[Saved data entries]
---------------

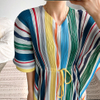 Women's Dress With Belt Printing And Women's Waist Closed Pleated Dress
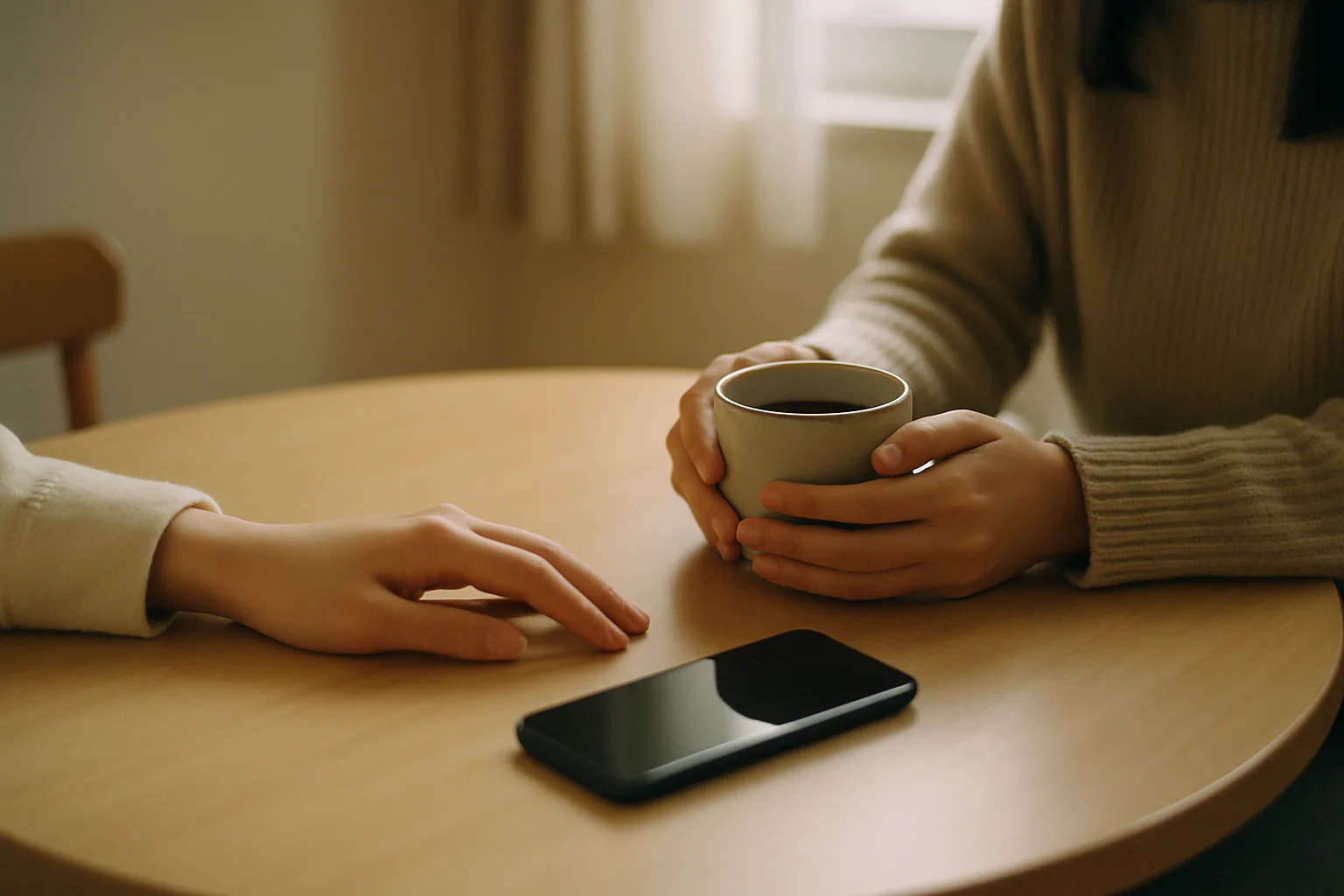 カフェのテーブルをはさんだ2人の手と、伏せて置かれたスマートフォン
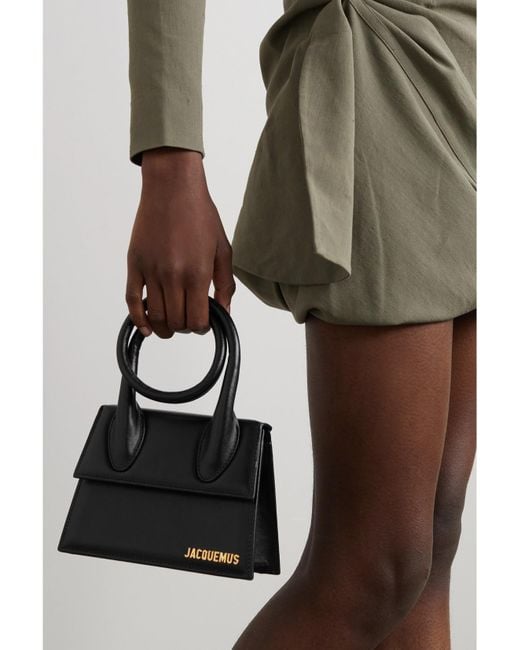 Jacquemus Black Le Chiquito Noeud Schultertasche Aus Leder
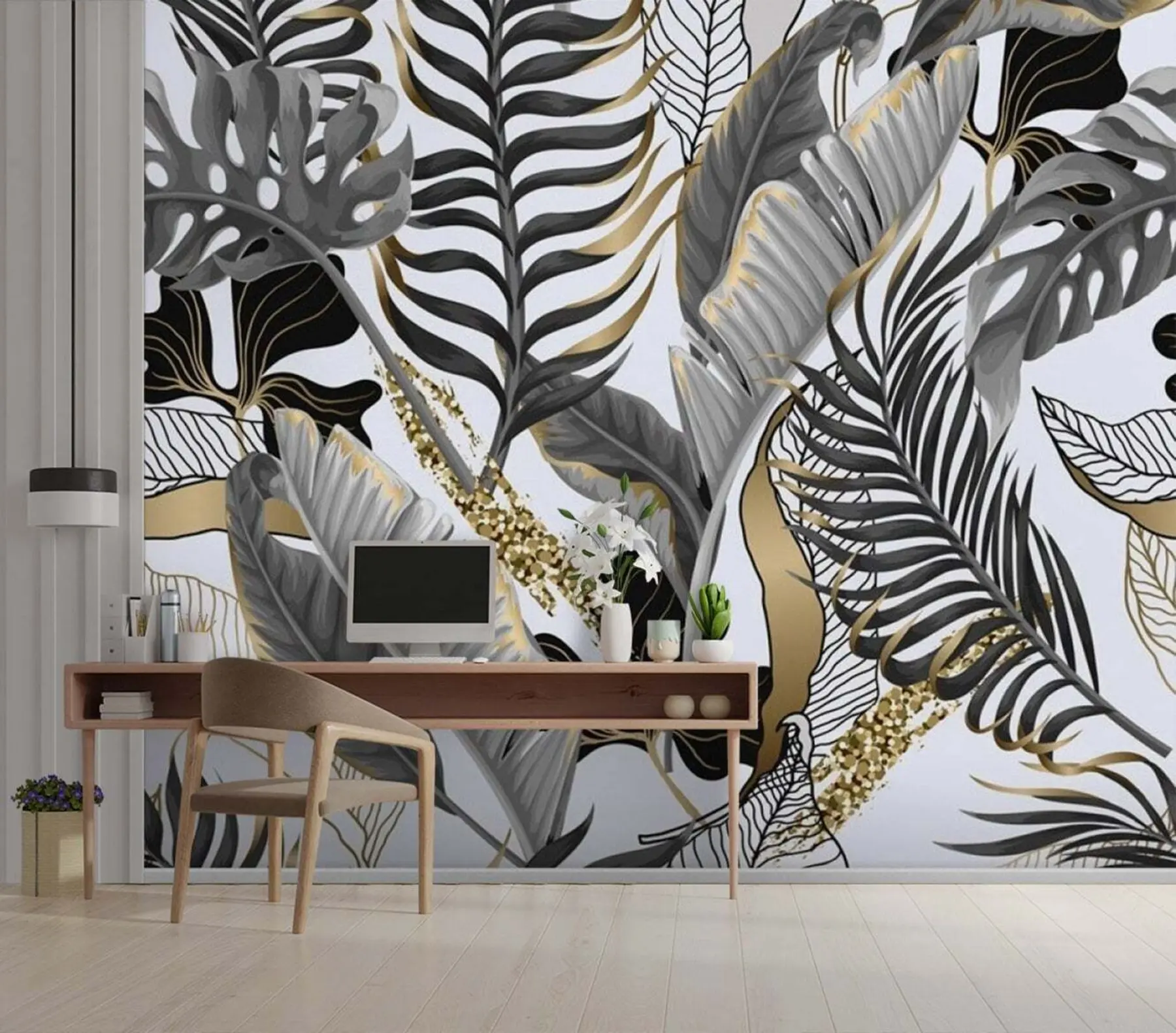 wall murals Tropical leaves gray on a white background u71888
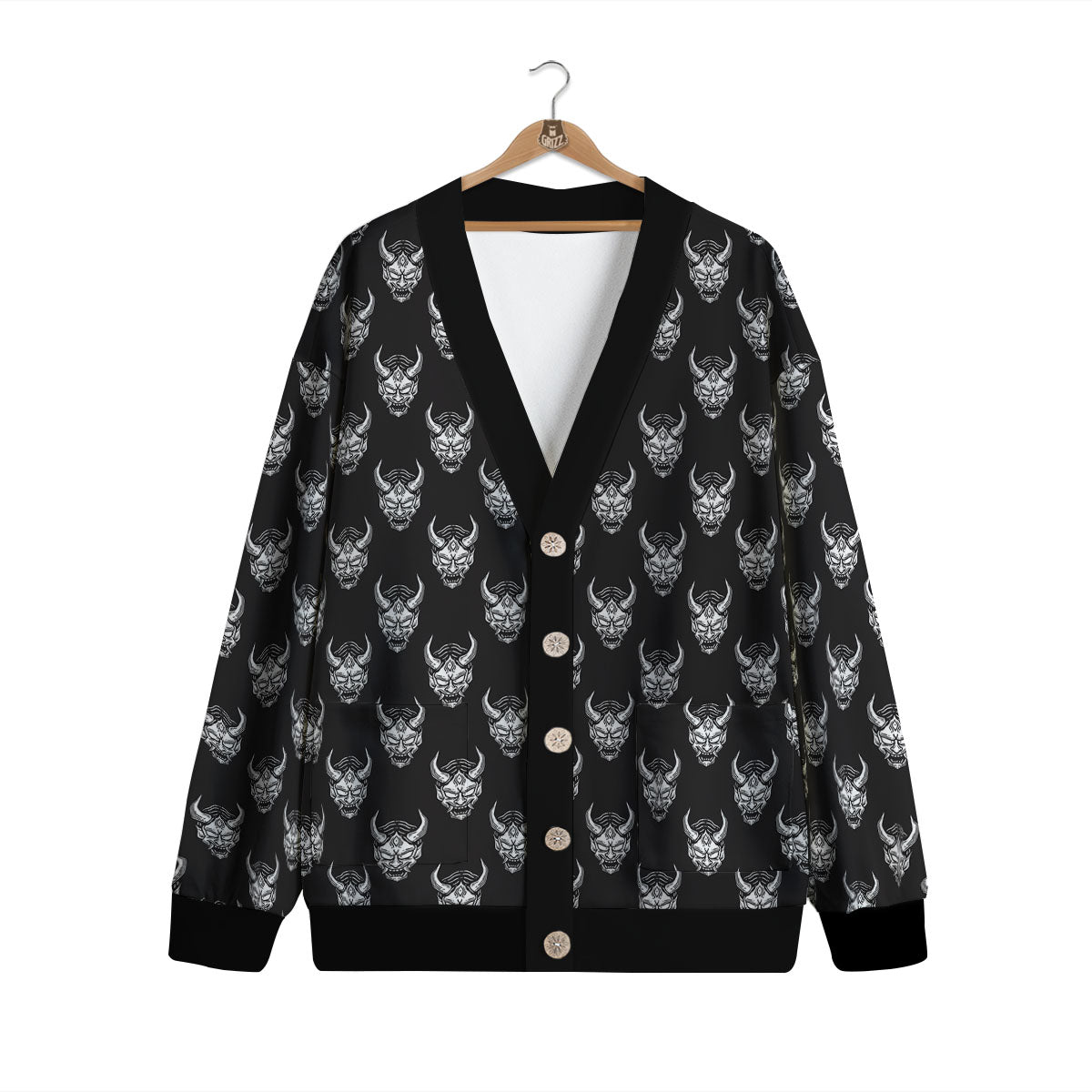 Samurai Ghost Mask Print Pattern Cardigan-grizzshop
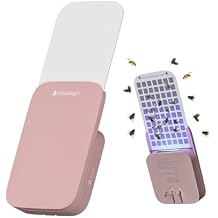 Mosalogic Fly Insect Trap Plug-in Fruit Flies Killer Gnat Trapper Moth Catcher Fly Trapper UV Attractant Catcher for 400 Sq Ft of Protection Pink-1PACK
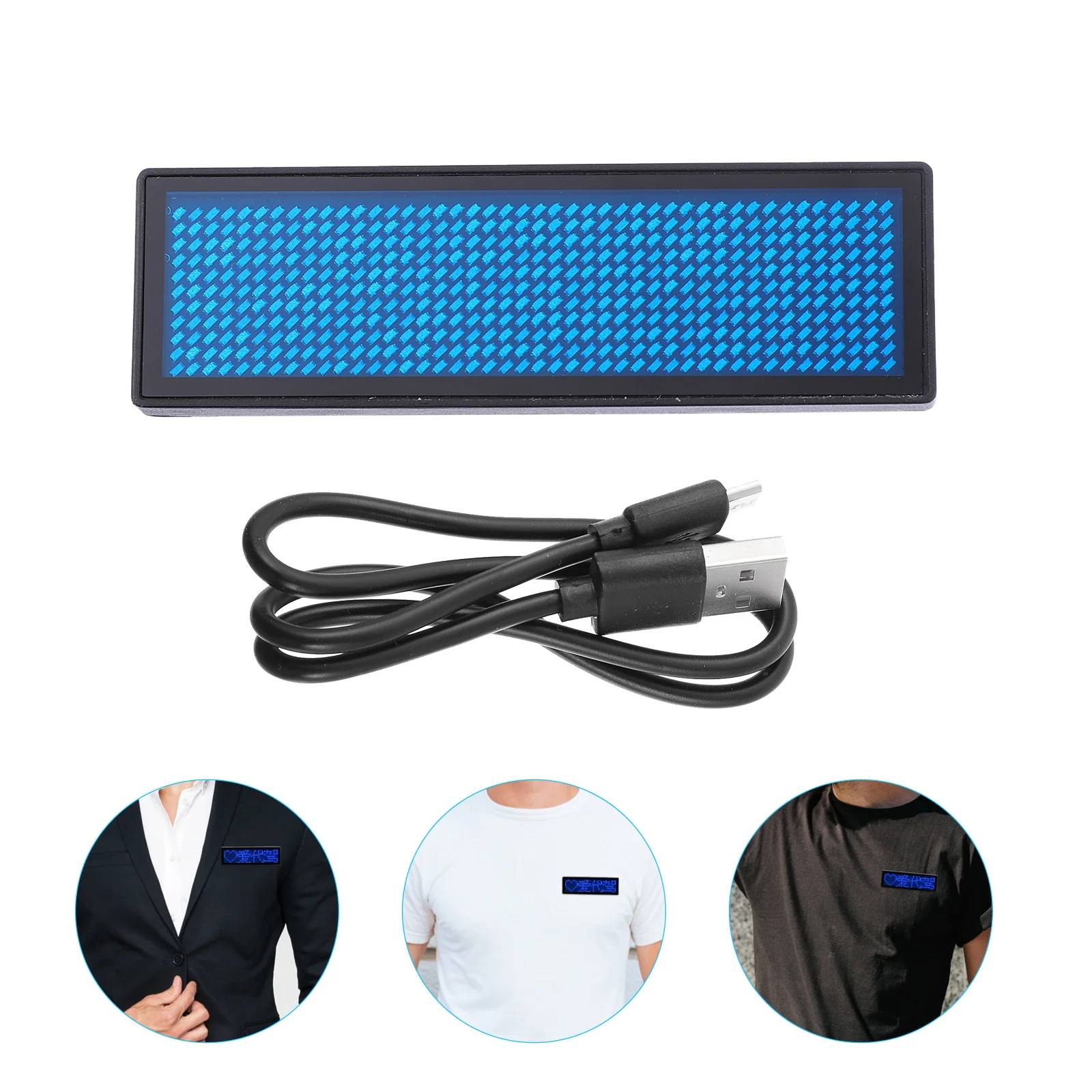 LED Name Badge Blue Mini Digital Display Message Board Rechargeable LED Tag Sign Programmable Scrolling Badge Adjustable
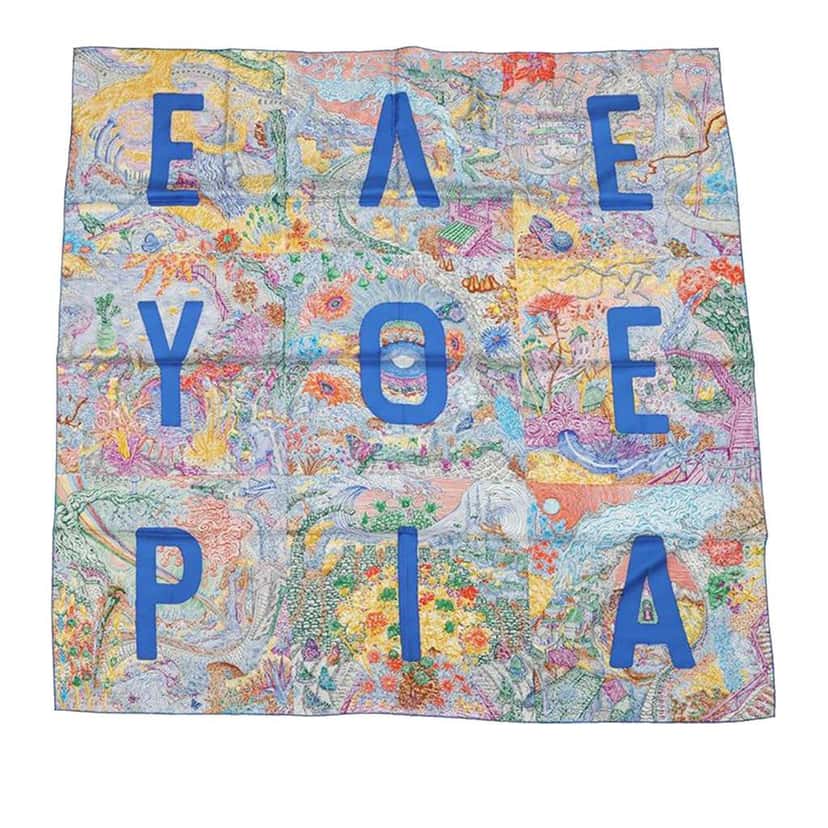 Hermès Eleftheria Silk Scarf 140 Blue Silk Good condition - Front View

---------------

- Work instructions
Copy the lines above exactly. Do not include pictures.

- Answer to this exercise
 Women's Dress With Belt Printing And Women's Waist Closed Pleated Dress
 カフェのテーブルをはさんだ2人の手と、伏せて置かれたスマートフォン
 Jacquemus Black Le Chiquito Noeud Schultertasche Aus Leder
 wall murals Tropical leaves gray on a white background u71888
 Samurai Ghost Mask Print Pattern Cardigan-grizzshop
 Mosalogic Fly Insect Trap Plug-in Fruit Flies Killer Gnat Trapper Moth Catcher Fly Trapper UV Attractant Catcher for 400 Sq Ft of Protection Pink-1PACK
 LED Name Badge Blue Mini Digital Display Message Board Rechargeable LED Tag Sign Programmable Scrolling Badge Adjustable
 Hermès Eleftheria Silk Scarf 140 Blue Silk Good condition - Front View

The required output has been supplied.